[Mesa-dev] Flatland

Fri Feb 7 12:18:37 PST 2014

On Fri, Feb 07, 2014 at 02:52:15PM -0500, Rob Clark wrote:
> On Fri, Feb 7, 2014 at 11:20 AM, Christian König
> <deathsimple at vodafone.de> wrote:
> > Am 07.02.2014 16:49, schrieb Alex Deucher:
> >
> >> On Fri, Feb 7, 2014 at 12:34 AM, Connor Abbott <cwabbott0 at gmail.com>
> >> wrote:
> >>>
> >>> Hi,
> >>>
> >>> So I believe that we can all agree that the tree-based representation
> >>> that GLSL IR currently uses for shaders needs to go. For the benefit
> >>> of those that didn't watch Ian Romanick's talk at FOSDEM, I'll
> >>> reiterate some of the problems with it as of now:
> >>>
> >>> - All the ir_dereference chains blow up the memory usage, and the
> >>> constant pointer chasing in the recursive algorithms needed to handle
> >>> them is not just cache-unfriendly but "cache-mean."
> >>>
> >>> - The ir_hierachical_visitor pattern that we currently use for
> >>> optimization/analysis passes has to examine every piece of IR, even
> >>> the irrelevant stuff, making the above problems even worse.
> >>>
> >>> - Nobody else does it this way, meaning that the existing well-known
> >>> optimizations don't apply as much here, and oftentimes we have to
> >>> write some pretty nasty code in order to make necessary optimizations
> >>> (like tree grafting).
> >>>
> >>> - It turns out that the original advantage of a tree-based IR, to be
> >>> able to automatically generate pattern-matching code for optimizing
> >>> certain code patterns, only really matters for CPU's with weird
> >>> instruction sets with lots of exotic instructions; GPU's tend to be
> >>> pretty regular and consistent in their ISA's, so being able to
> >>> pattern-match with trees doesn't help us much here.
> >>>
> >>> Finally, it seems like a lot of important SSA-based passes assume that
> >>> we have a flat IR, and so moving to SSA won't be nearly as beneficial
> >>> as we would like it to be; we could flatten the IR before doing these
> >>> passes, but that would make the first problem even worse. So we can't
> >>> really take advantage of SSA too much either until we have a flat IR.
> >>>
> >>> The real issue is, how do we let this transition occur gradually, in
> >>> pieces, without breaking existing code? Ian proposed one solution at
> >>> FOSDEM, but here's my idea of another.
> >>>
> >>> So, my idea is that rather than slowly introducing changes across the
> >>> board, we create the IR in its final form in the beginning, write
> >>> passes to flatten and unflatten the IR, and then piece-by-piece
> >>> rewrite the rest of the compiler. We're going to have to rewrite a lot
> >>> of the passes to support SSA in the first place, so why not convert
> >>> them to a flat IR while we're at it? The benefit of this is that it's
> >>> much easier to do asynchronously and in parallel; rather than
> >>> introducing changes to the entire thing at once, several people can
> >>> convert this and that pass, the frontend, the linker, etc.

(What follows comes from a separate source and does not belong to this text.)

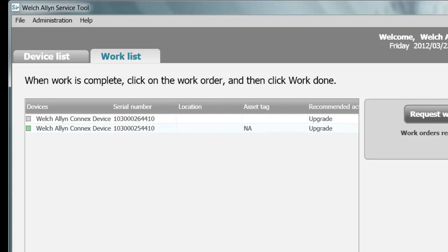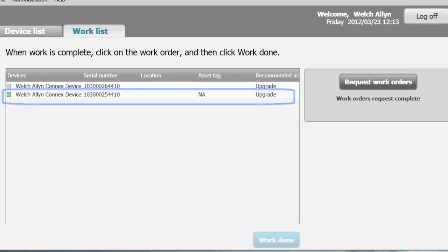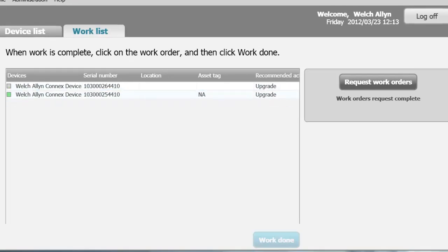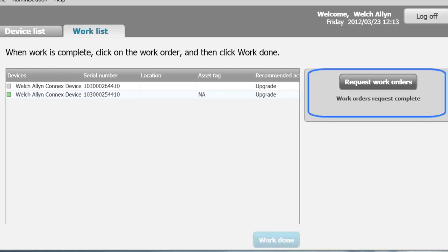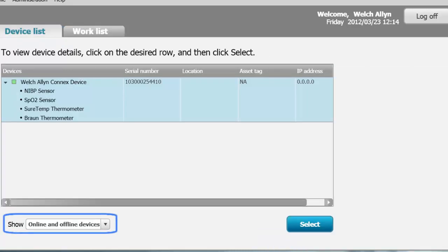When you or a technical staffer performs the work, highlight the device row and click Work Done to delete the task from the Work List. When you click on Request Work Orders, the Service Tool reaches out to the Partner Connect system and asks if anything is available for your maintained devices or the connected device. Click on the Device List tab. A drop-down on the bottom left of the page allows you to select which devices you would like to have in your list.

> >>> independently. It would entail some extra overhead during the
> >>> transition in the form of the flattening and unflattening passes, but
> >>> I think it would be worth it for the immediate benefits (optimizations
> >>> like GVN-GCM and CSE made possible, etc.).
> >>>
> >>> The first part to be converted would be my passes to convert to and
> >>> from SSA, so that the compiler optimization part would look like this:
> >>>
> >>> flatten -> convert to SSA -> (the new hotness) -> out of SSA ->
> >>> unflatten -> (the old stuff)
> >>>
> >>> Then we gradually convert ast_to_hir, various passes, the linker,
> >>> backends, etc. to this form while now actually having the
> >>> infrastructure to implement any advanced compiler optimization
> >>> designed in the last ~15 years or so by more-or-less copying down the
> >>> pseudocode. Hopefully, then, we can reach a point where we can rip out
> >>> the old IR and the converters.
> >>>
> >>> So what would this new IR look like? Well, here's my 2 cents (in the
> >>> form of some abridged class definitions, you should get the point...)
> >>>
> >>> struct ir_calc_source
> >>> {
> >>>      mode; /** < SSA or non-SSA */
> >>>      union {
> >>>          ir_calculation *def; /** < for SSA sources */
> >>>          unsigned int reg; /** < for non-SSA sources */
> >>>      } src;
> >>>      unsigned swizzle : 8;
> >>> };
> >>>
> >>> struct ir_calc_dest
> >>> {
> >>>      mode; /** < SSA or non-SSA */
> >>>      union {
> >>>          unsigned int reg; /** < for non-SSA destinations */
> >>>
> >>>          /**
> >>>           * For SSA destinations. Types are needed here because
> >>> normally they're part
> >>>           * of the register, but SSA doesn't have registers.
> >>>           */
> >>>          glsl_type *type;
> >>>      } reg_or_type; /* this name is kinda ugly but couldn't think of
> >>> anything better. */
> >>> };
> >>>
> >>> /*
> >>>   * This is Ian's name for it, personally I would vote for
> >>> s/ir_instruction/ir_node/ and
> >>>   * call this ir_instruction
> >>>   */
> >>>
> >>> class ir_calculation
> >>> {
> >>>      ir_calc_dest dest;
> >>>      ir_expression_operation op;
> >>>      unsigned write_mask : 4;
> >>>      ir_calc_source srcs[4];
> >>> };
> >>>
> >>> class ir_load_var
> >>> {
> >>>      ir_calc_dest dest;
> >>>      ir_variable *src;
> >>>
> >>>      /**
> >>>       * For array and record loads, whether we're loading a specific
> >>> member or the whole
> >>>       * thing.
> >>>       */
> >>>      bool deref_member;
> >>>      ir_calc_source array_index; /** < for array loads if
> >>> deref_array_index is true */
> >>>      char *record_index; /** < for structure loads */
> >>> };
> >>>
> >>> class ir_store_var
> >>> {
> >>>      ir_variable *dest;
> >>>      ir_calc_source src;
> >>>      bool deref_member;
> >>>      ir_calc_source array_index; /** < for array loads */
> >>>      char *record_index; /** < for structure loads */
> >>>      unsigned write_mask : 4;
> >>> };
> >>>
> >>> So ir_variable still exists, but it will only be used for function
> >>> parameters, shader in/outs and uniforms, and arrays and structures.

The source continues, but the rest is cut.